Loffreda fait la démonstration dans la troisième partie du livre que les autorités coloniales parviennent, grâce à un habile discours, à imposer leur programme politique à Versailles. Toute prise d’initiative en amont de Versailles est justifiée par une urgence couplée par la correspondance saisonnière et les grandes distances parcourues par les courriers. Devant le fait accompli, le ministre ne peut qu’approuver, ou condamner lorsqu’elles échouent, les expéditions militaires entreprises contre les Renards. L’absolutisme est donc éprouvé en ce sens où les élites coloniales détiennent, dans les faits, une grande marge de manoeuvre politique. Cependant, Versailles ne reste pas passif et on assiste plutôt à une « élaboration véritablement atlantique de la politique impériale » (235) concernant les Renards. Cela se vérifie surtout durant la première phase du conflit (1712-1718) alors que le ministre Pontchartrain impose une ligne politique pacifiste au gouverneur Vaudreuil qui, lui, préfère une intervention armée pour mater les Renards. De plus, la réouverture des postes de traite dans l’Ouest après 1716 est décidée par Versailles et Québec au terme d’une décennie de négociation pour répondre notamment, mais pas uniquement à l’urgence Renard. À partir de 1720, ce sont surtout les acteurs coloniaux qui impulsent à Versailles la ligne politique à suivre mais la métropole s’assure que les politiques du Canada ne nuisent pas à la Louisiane. Enfin, l’exécution des politiques mises en place par les autorités dépend du contrôle qu’elles ont sur leurs agents. La vénalité étant absente du corps des troupes de la Marine, leur carrière est entre les mains du gouverneur général et leur promotion dépend de leur mérite. Si cela a déjà été largement étudié, Loffreda aurait pu approfondir les liens de patronage qui unissaient les gouverneurs et leurs agents.

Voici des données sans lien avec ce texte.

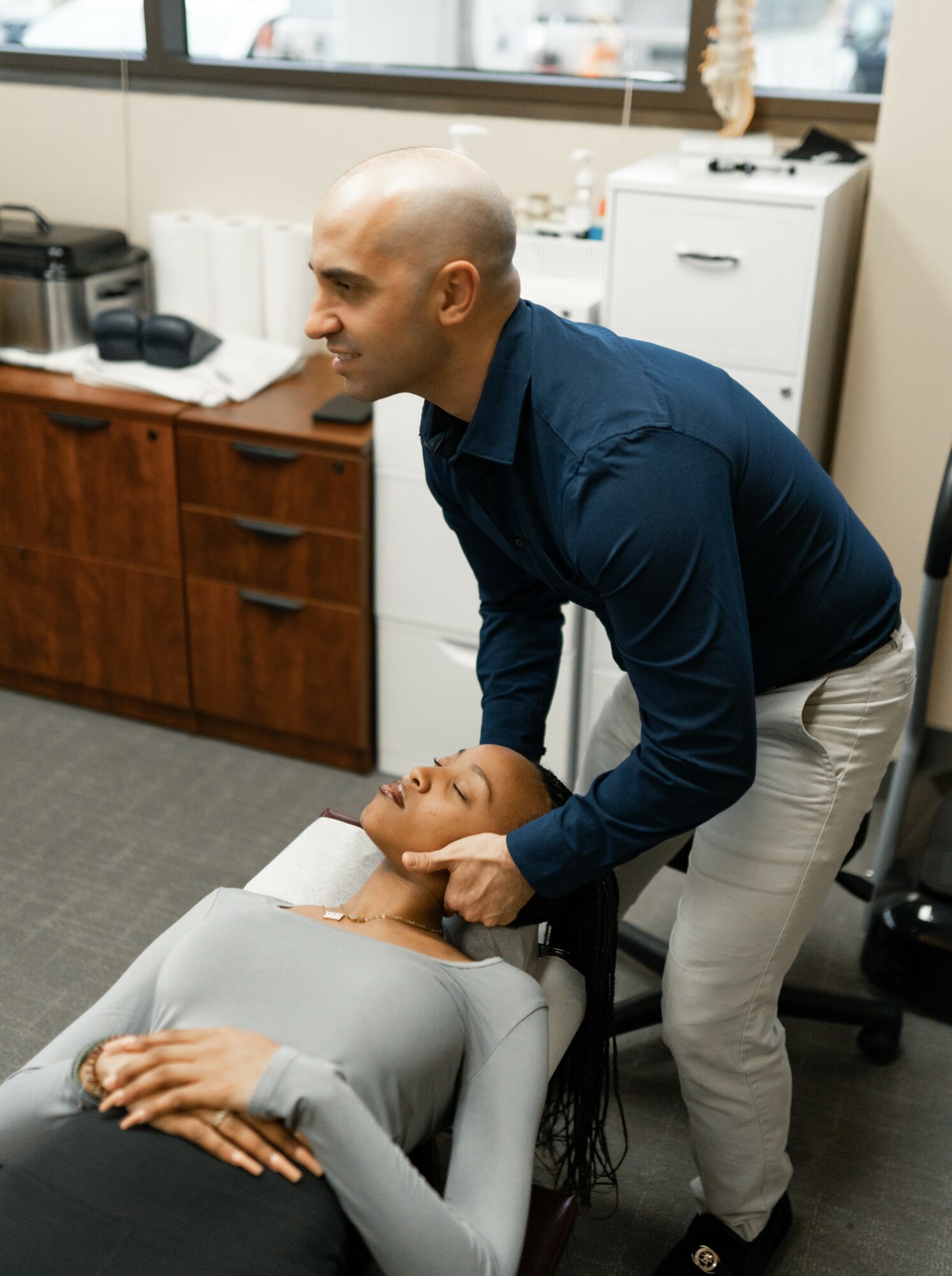 A man performs a neck adjustment on a woman lying on a treatment table in an office setting.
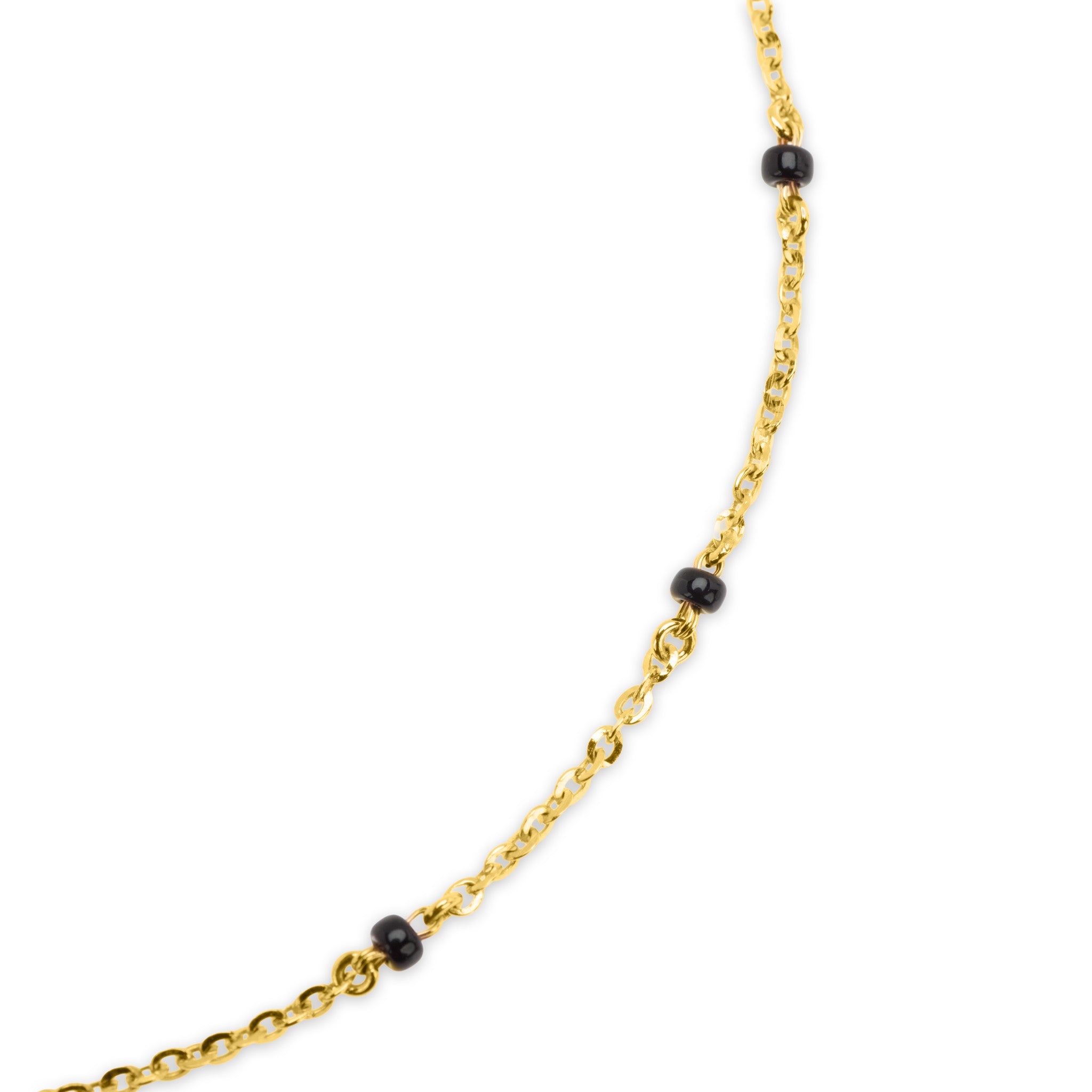Detail of 18k gold cable chain with black bead accents on The Legacy mangalsutra necklace, on white background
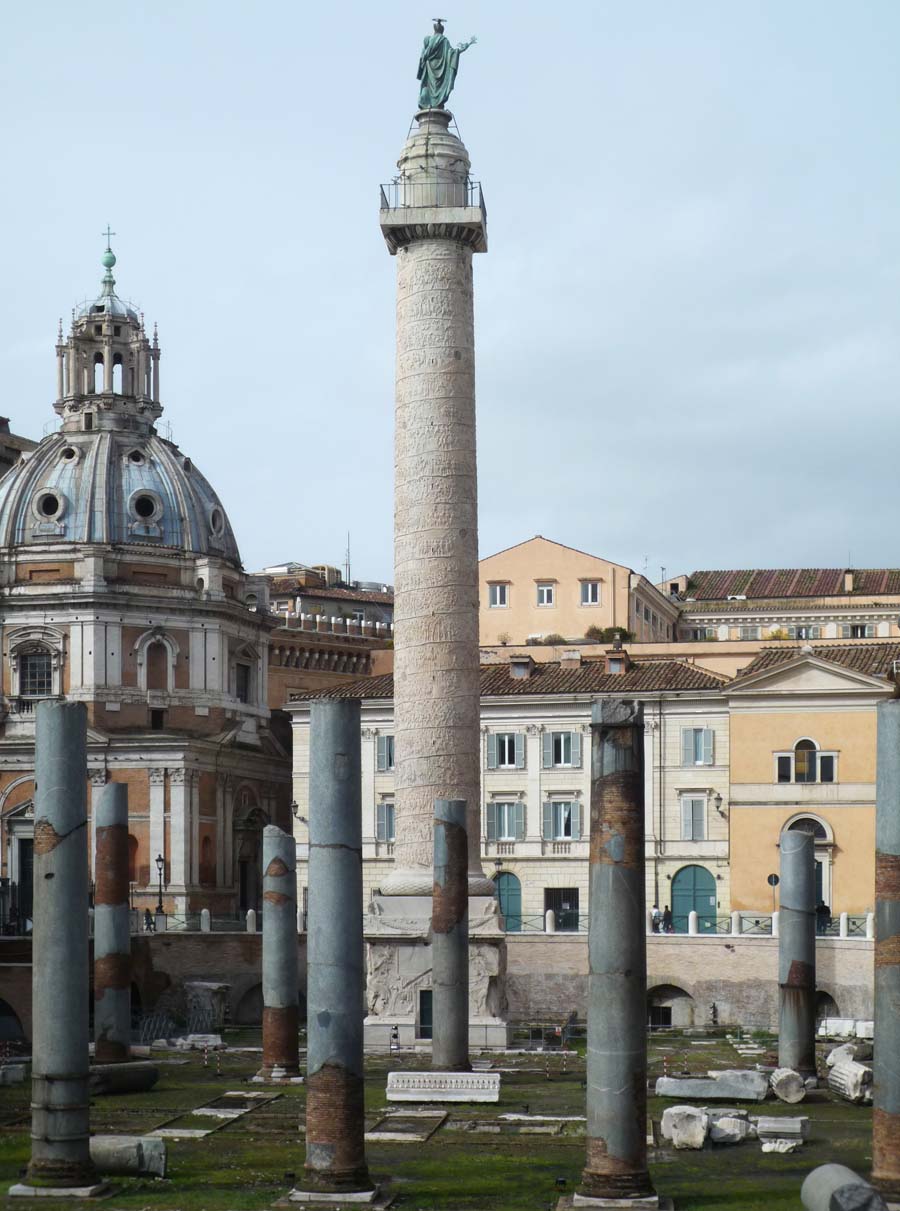 Photograph of Trajan's Column, a Roman triumphal column in Rome, Italy, surrounded by ancient ruins and historic buildings. The tall, cylindrical column features a spiral bas-relief and is topped with a statue, set against a cloudy sky.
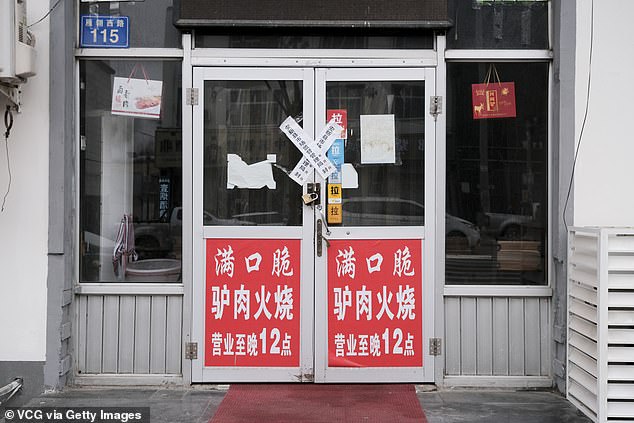 Officers reportedly arrived at shops and restaurants and told owners they had to close their businesses for seven days. Pictured: A closed restaurant in Anxin County, Xiongan New Area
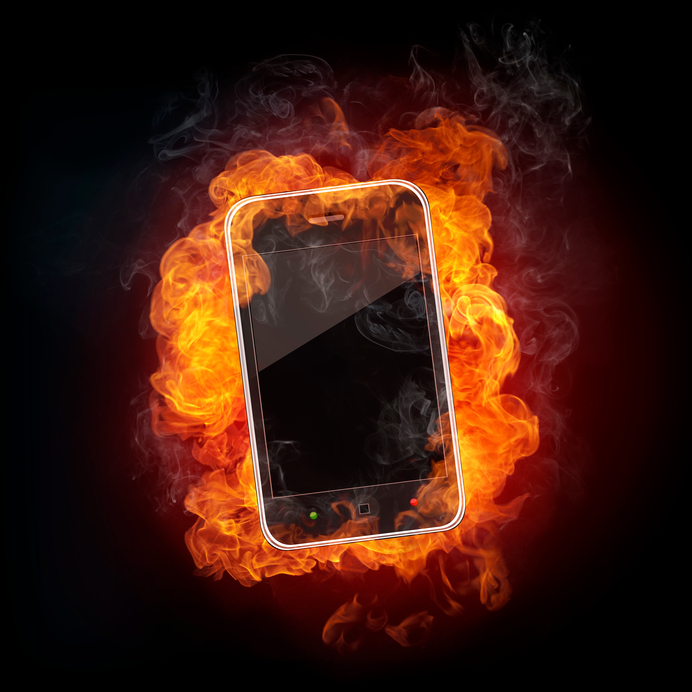Smartphone in fire Isolated on Black Background.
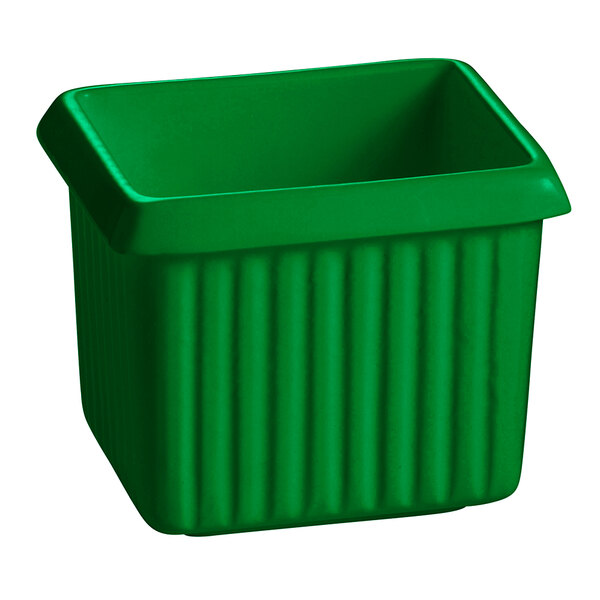 A green cast aluminum rectangle server with ridges and a lid.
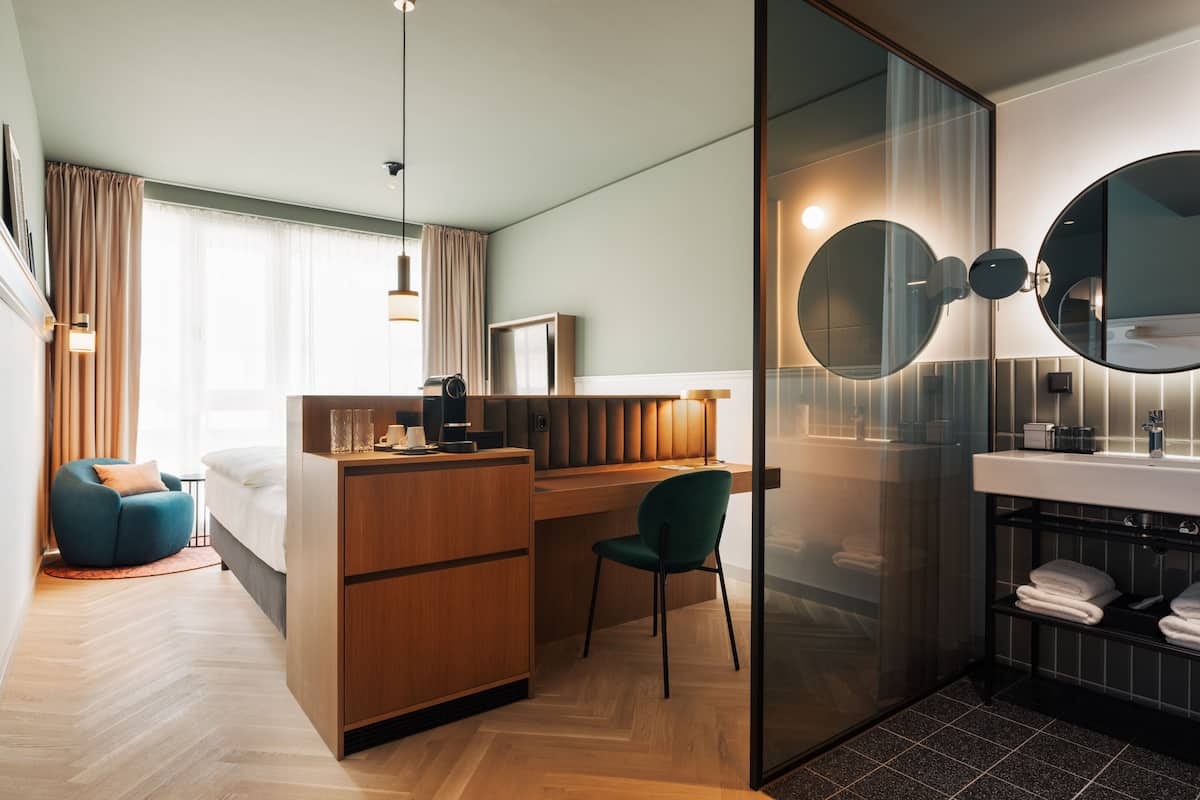 Una habitación de hotel moderna con un escritorio de madera, una silla verde, una cama, un espejo grande y un baño con lavabo y perchero para toallas.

Au terme de son livre, Raphaël Loffreda a contribué à dépoussiérer les guerres Renards en exposant la manière dont les autorités coloniales et métropolitaines dirigeaient une guerre à partir de leurs bureaux respectifs et comment ils élaboraient une politique conjointe relative qui se faisait ressentir jusqu’à la baie des Puants. Malgré les moyens de communication restreints et les distances gigantesques, il existait à l’époque des guerres Renards une volonté de la part des autorités françaises de dominer un espace et des populations. L’empire est une idée qui se concrétise par la guerre qui incarne cette réalité. L’analyse de fond des sources et leur croisement sont convaincants tout au long de l’ouvrage. Cependant, certains exemples sont repris pour différentes analyses et rendent quelque peu répétitive la dernière partie. Les mauvaises langues voudront reprocher à l’auteur de ne pas avoir assez exposé l’agentivité des Renards face à ces politiques, mais tel n’était pas son propos. L’empire face aux Renards est une invitation. La machine froide et implacable de l’empire français exposée, une analyse profonde des causes ethnoculturelles et géopolitiques de ce long conflit, qui semble avoir échappé tant au contrôle des Mesquakies que des Français, reste à faire.